[Material shown]
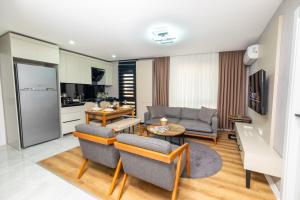 a living room with a couch and a table at Luxury Life Suites in Istanbul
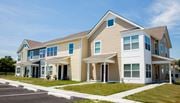 Cecilton apartment for rent - the exterior of a home with tan siding and blue windows
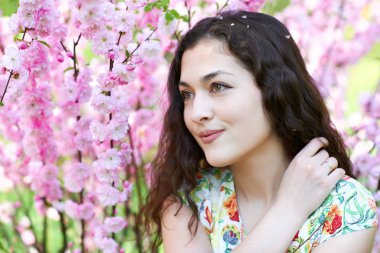 pembe çiçekler arka plan üzerinde genç güzel kız portresi, yüz yakın çekim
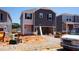 New two-story home under construction with dark siding and a two-car garage ready for customization at 805 Ottawa Dr, Garner, NC 27529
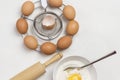 Brown eggs on metal stand. Egg yolk with flour and spoon in bowl. Milk in bowl and rolling pin on table Royalty Free Stock Photo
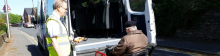 photo showing a driver in hi viz jacket assisting a man in a wheelchair to access a minibus.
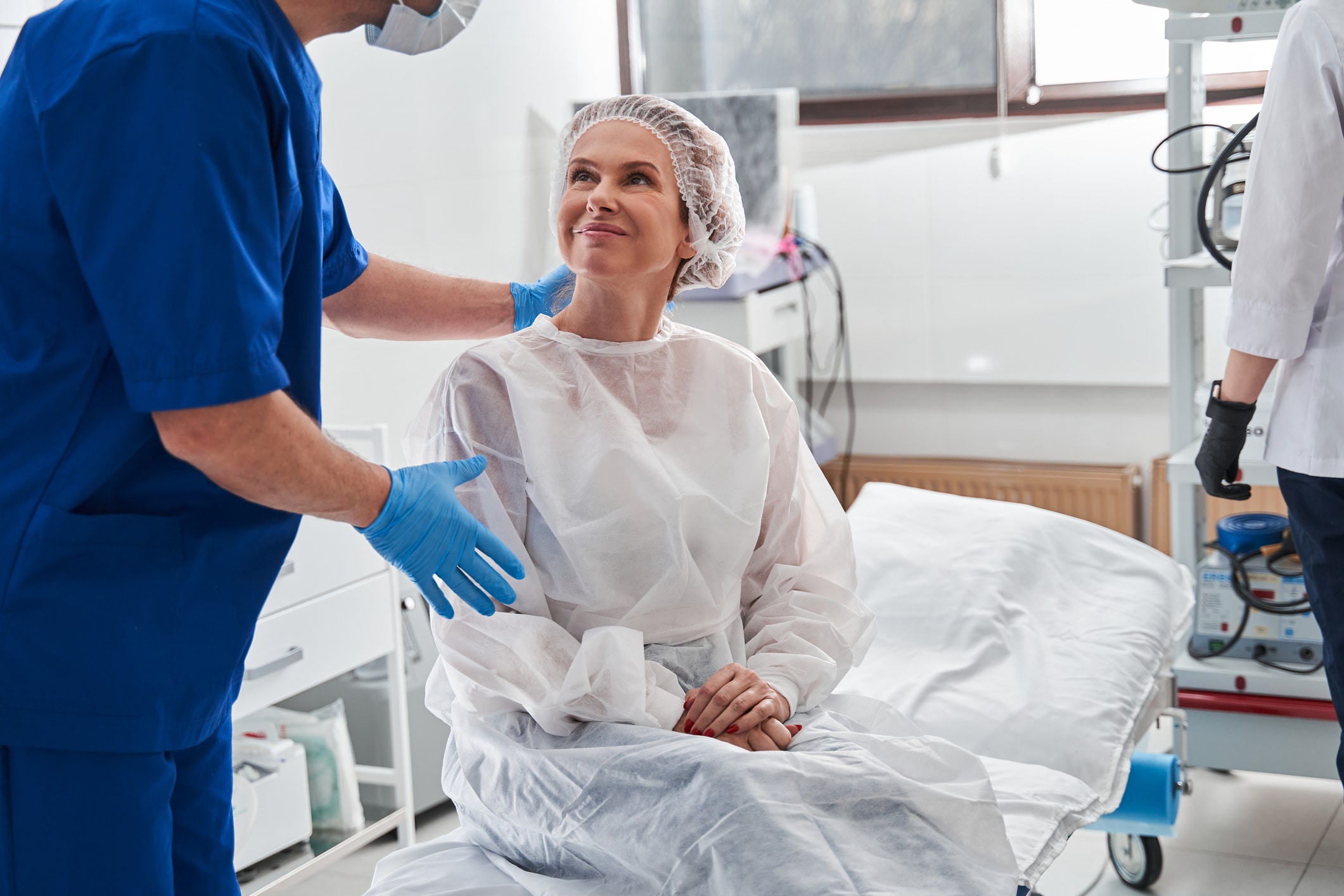 woman in a hospital gown getting ready for surgery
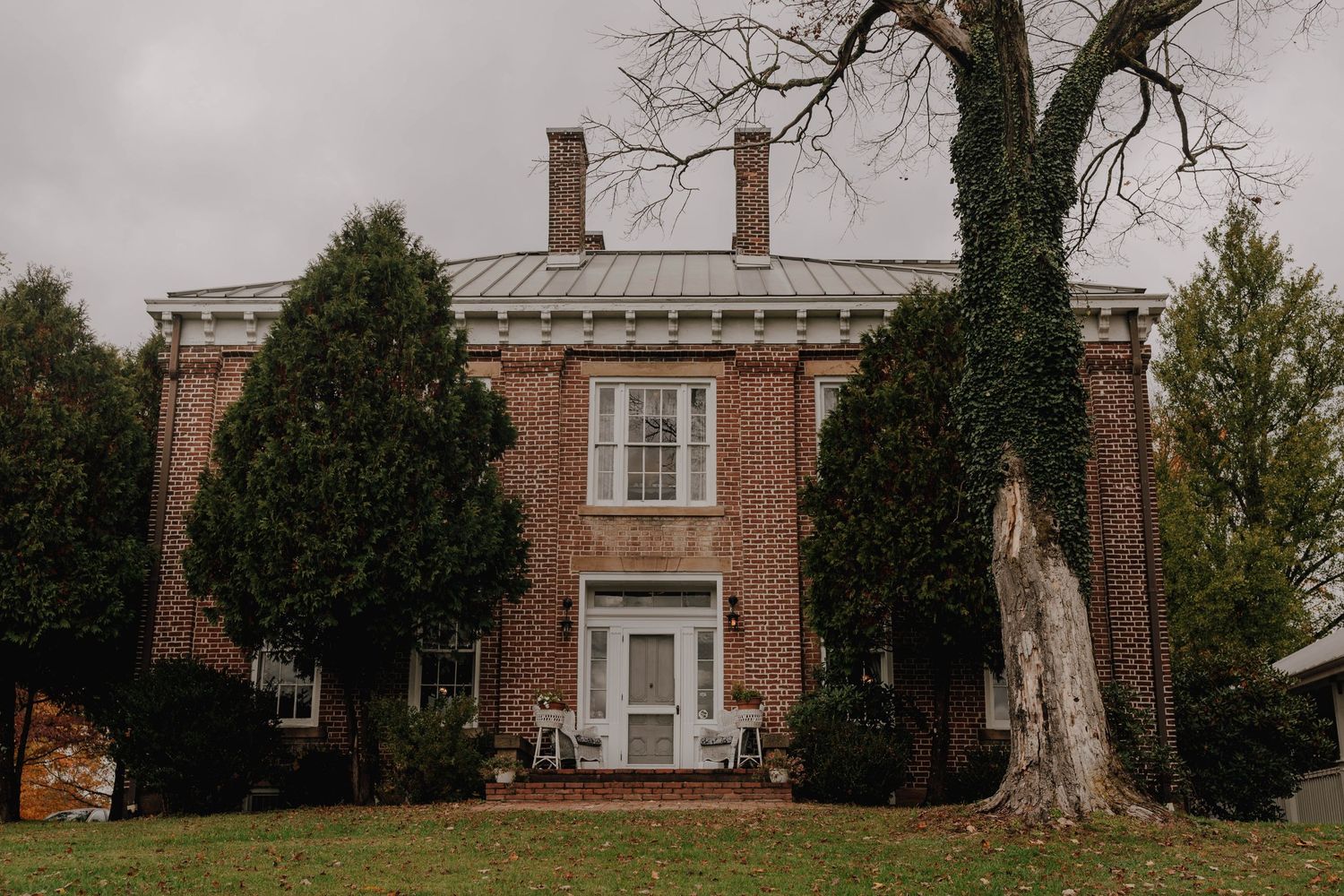A stately brick mansion with tall trees and white trim details.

[Directions for this task] Every entry, word for word, should be given again; the pictures are not part of the copy.

[Exercise response]
 a living room with a couch and a table at Luxury Life Suites in Istanbul
 Cecilton apartment for rent - the exterior of a home with tan siding and blue windows
 pembe çiçekler arka plan üzerinde genç güzel kız portresi, yüz yakın çekim
 New two-story home under construction with dark siding and a two-car garage ready for customization at 805 Ottawa Dr, Garner, NC 27529
 Brown eggs on metal stand. Egg yolk with flour and spoon in bowl. Milk in bowl and rolling pin on table Royalty Free Stock Photo
 photo showing a driver in hi viz jacket assisting a man in a wheelchair to access a minibus.
 woman in a hospital gown getting ready for surgery
A stately brick mansion with tall trees and white trim details.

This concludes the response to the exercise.